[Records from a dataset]
^^^^^^^^^^^^^^^^

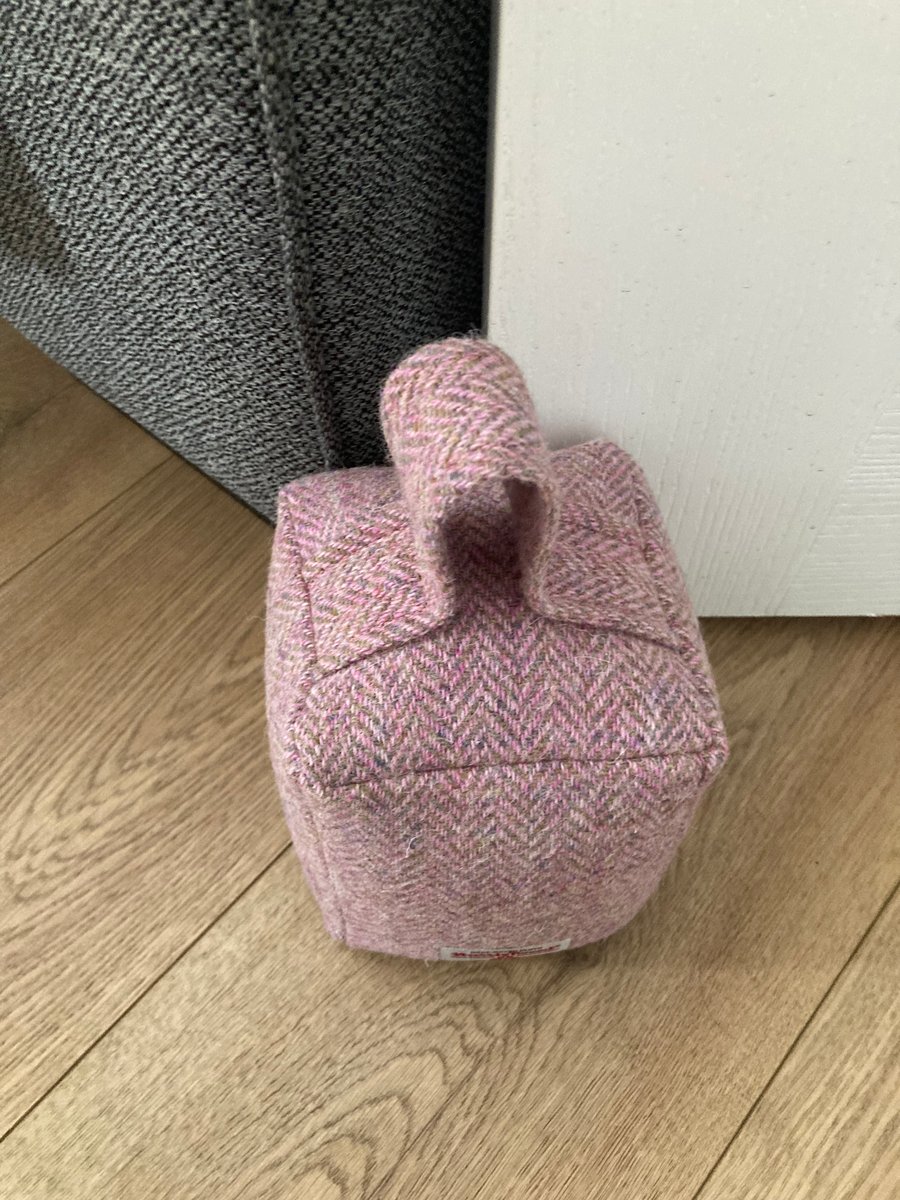 A pink and green Harris Tweed doorstopper
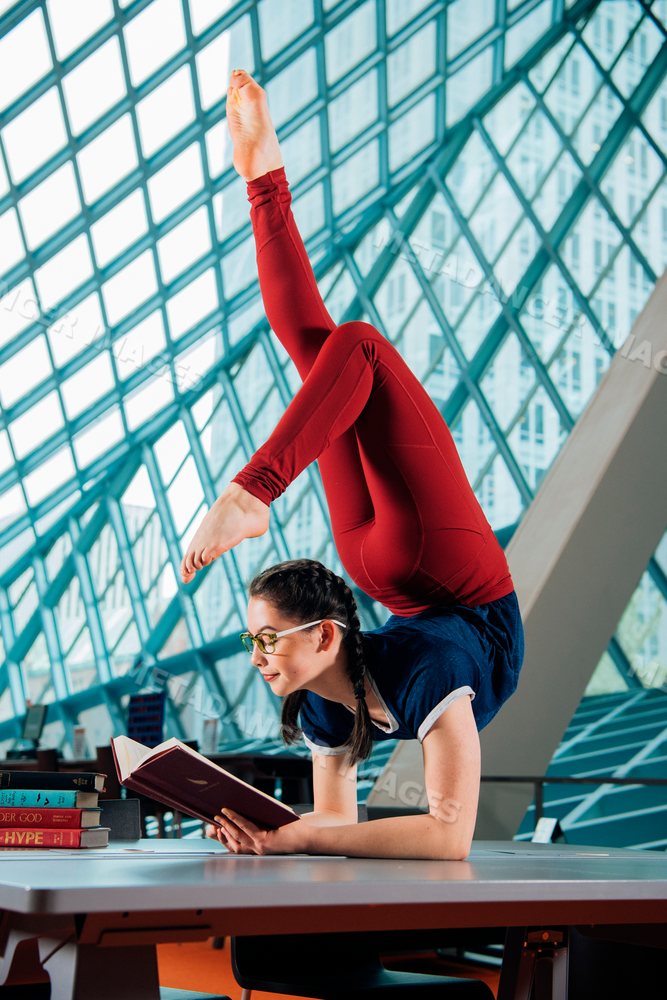 A young woman reads a book while balancing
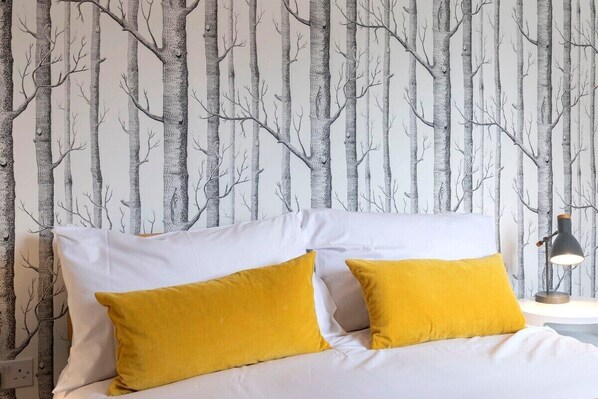 A bed with white bedding and two yellow pillows, set against a wall with a vertical tree pattern wallpaper. - Peaceful & Spacious 2 Bed Home in Cheltenham (Gloucestershire)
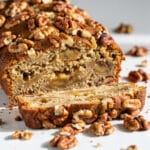 Moist walnut banana bread slice with toasted nuts on rustic cutting board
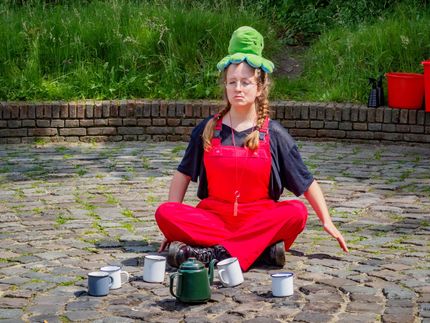 Person sitting cross-legged outdoors with a green hat and red overalls, surrounded by metal cups and kettles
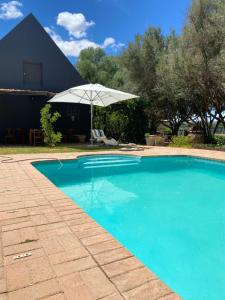 a swimming pool with an umbrella and a table and chair at Soeterus Guest Farm in Calitzdorp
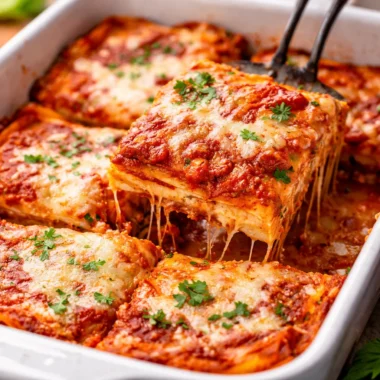 Delicious homemade lasagna layered with pasta, marinara sauce, ricotta, and mozzarella.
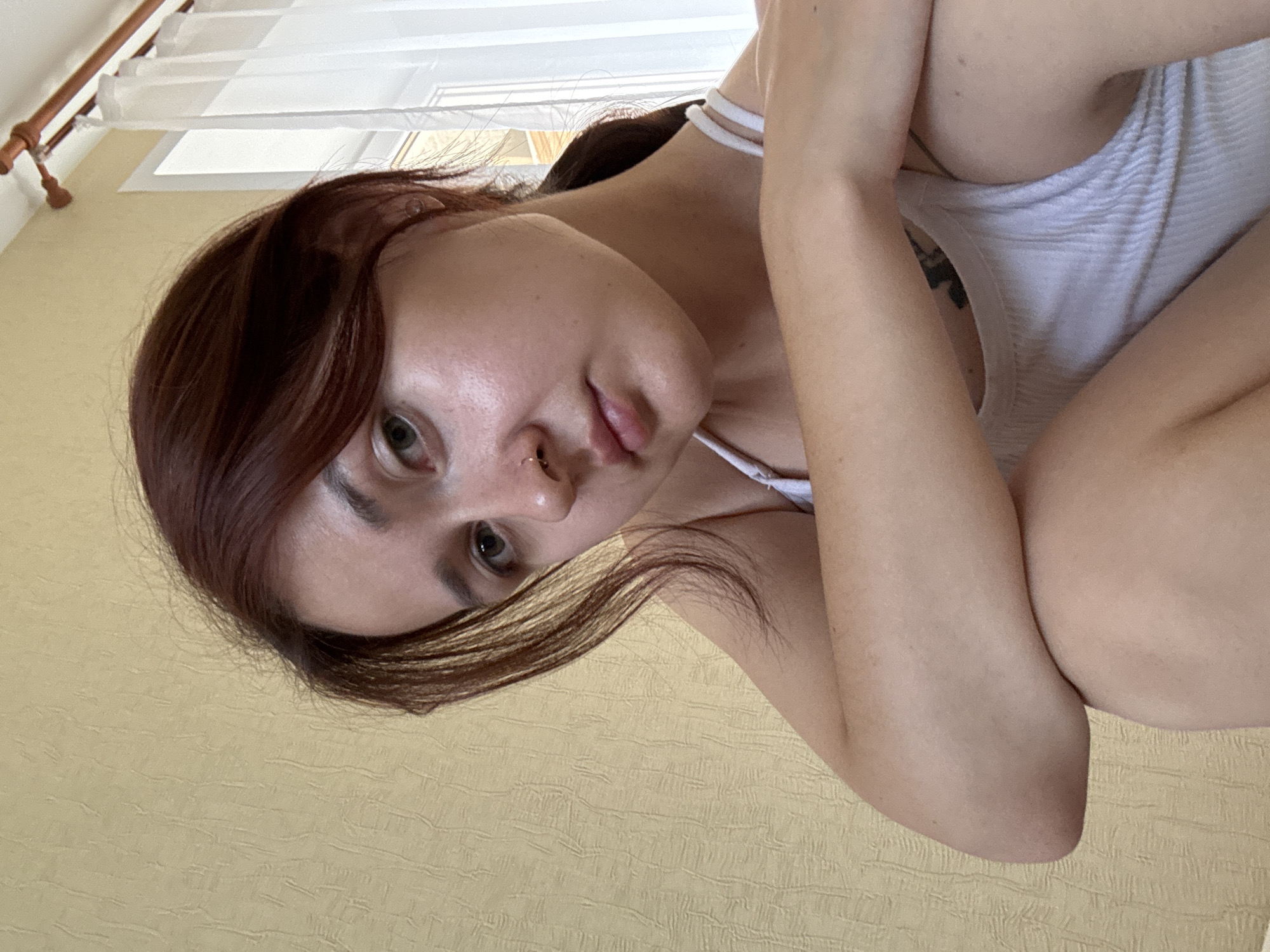 A young woman with auburn hair is pictured in a close-up, upper-body shot. She is wearing a white ribbed tank top and has a nose ring. Her arms are crossed in front of her chest. The background is a textured, pale yellow wall, with a white sheer curtain and a wooden curtain rod visible on the right side of the frame. The lighting suggests an indoor setting, possibly a bedroom or living area, with natural light coming from a window. The overall scene is casual and appears to be a selfie. The location is not specified in the image itself, and therefore cannot be determined to be in Naberezhnye Chelny, Russia.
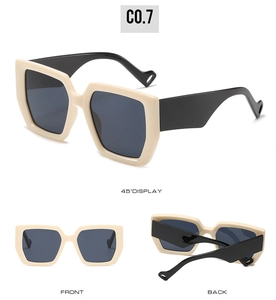Three-angle view of oversized square sunglasses in cream and black contrast design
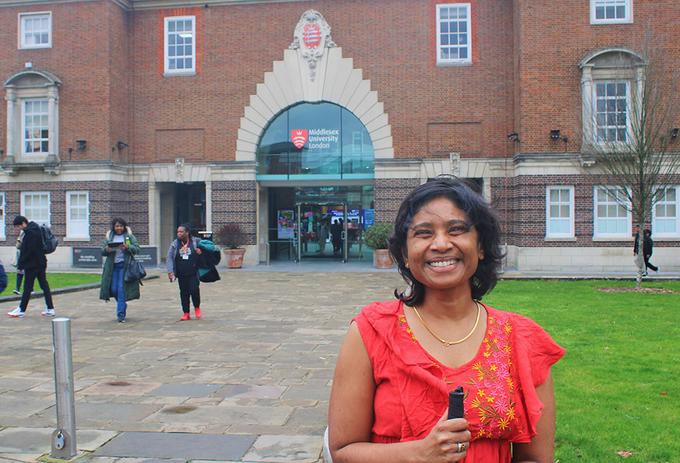 Woman in red top stands outside university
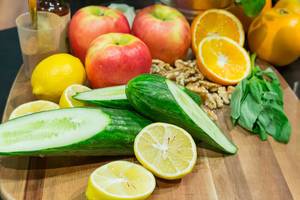 Autumnal season ingredients: Cut cucumbers, apples, walnuts and citrus fruits on a wooden board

^^^^^^^^^^^^^^^^

▸ **PROBLEM REQUIREMENTS**:
What is needed is an exact copy of all the data, with no images in it.

▸ **SOLUTION**:
 A pink and green Harris Tweed doorstopper
 A young woman reads a book while balancing
 A bed with white bedding and two yellow pillows, set against a wall with a vertical tree pattern wallpaper. - Peaceful & Spacious 2 Bed Home in Cheltenham (Gloucestershire)
 Moist walnut banana bread slice with toasted nuts on rustic cutting board
 Person sitting cross-legged outdoors with a green hat and red overalls, surrounded by metal cups and kettles
 a swimming pool with an umbrella and a table and chair at Soeterus Guest Farm in Calitzdorp
 Delicious homemade lasagna layered with pasta, marinara sauce, ricotta, and mozzarella.
 A young woman with auburn hair is pictured in a close-up, upper-body shot. She is wearing a white ribbed tank top and has a nose ring. Her arms are crossed in front of her chest. The background is a textured, pale yellow wall, with a white sheer curtain and a wooden curtain rod visible on the right side of the frame. The lighting suggests an indoor setting, possibly a bedroom or living area, with natural light coming from a window. The overall scene is casual and appears to be a selfie. The location is not specified in the image itself, and therefore cannot be determined to be in Naberezhnye Chelny, Russia.
Three-angle view of oversized square sunglasses in cream and black contrast design
 Woman in red top stands outside university
 Autumnal season ingredients: Cut cucumbers, apples, walnuts and citrus fruits on a wooden board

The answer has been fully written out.